I didn't end up reading all of the Newbery medalists in fifth grade, because while I loved books, I was also lazy and easily distracted, and I probably didn't need to use the past tense just then. My point is this: it's been 100 years since the first Newbery Medal was awarded, and now I'm 34, and I'm going to read all of them, write about them, and email what I write to all of you.

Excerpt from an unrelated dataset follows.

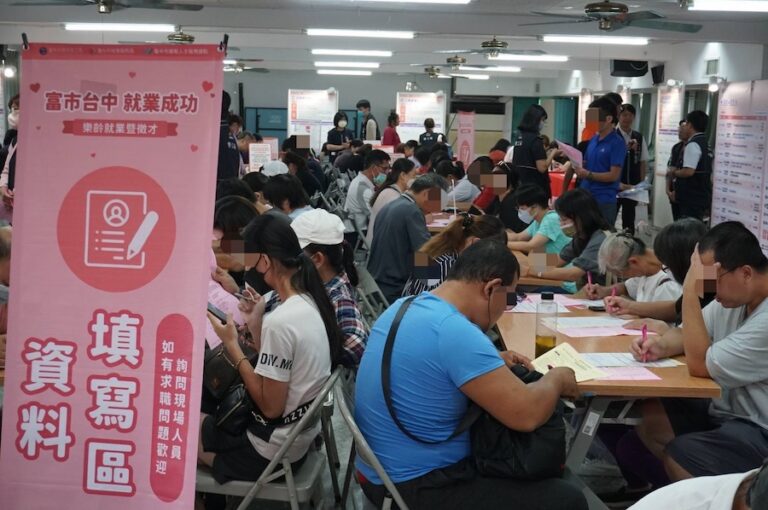 中市勞工局助壯世代就業成功 太平區樂齡徵才媒合率達6成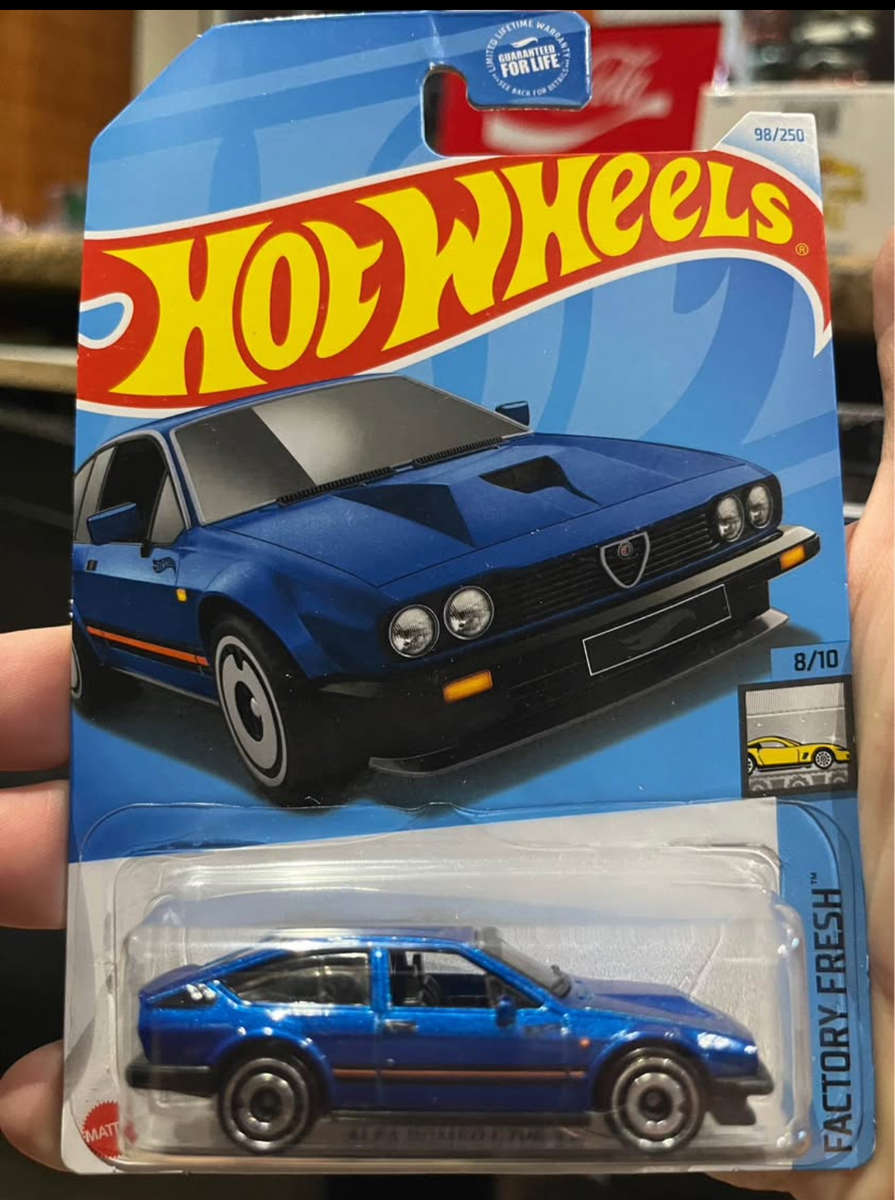 Hot wheels Alfa Romeo GTV long card blue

It's a big task, but a doable one. Newbery winners - which are overwhelmingly novels, although there have been a few nonfiction winners - are “middle grade” books, the kind of thing you would read during DEAR time in junior high. In terms of vocabulary and structure, they’re easier books than you’d be assigned in a high school English class, and a step down from what we would call “YA” literature today. Not that these are easy books when it comes to subject matter or theme: Newbery winners can often be grade school readers’ first exposure to stories about Jim Crow, or the Holocaust, or the Dust Bowl, or the Black Death, or a story where a main character dies at the end, or a dystopian future that is a not-so-subtle allegory for our world.
The roster of Newbery medalists, as a result, includes some of the most revered works in the history of children's literature, like A Wrinkle In Time, or Roll Of Thunder Hear My Cry, or From The Mixed-Up Files Of Mrs. Basil E. Frankweiler. And it includes works that haven't had the same cultural impact but deserve to be celebrated, like Walk Two Moons, or Joyful Noise, or Dear Mr. Henshaw. And it also includes works that are weird as hell that everyone has forgotten about, like The View From Saturday or The High King or the incredibly-titled Gay Neck: The Story of a Pigeon.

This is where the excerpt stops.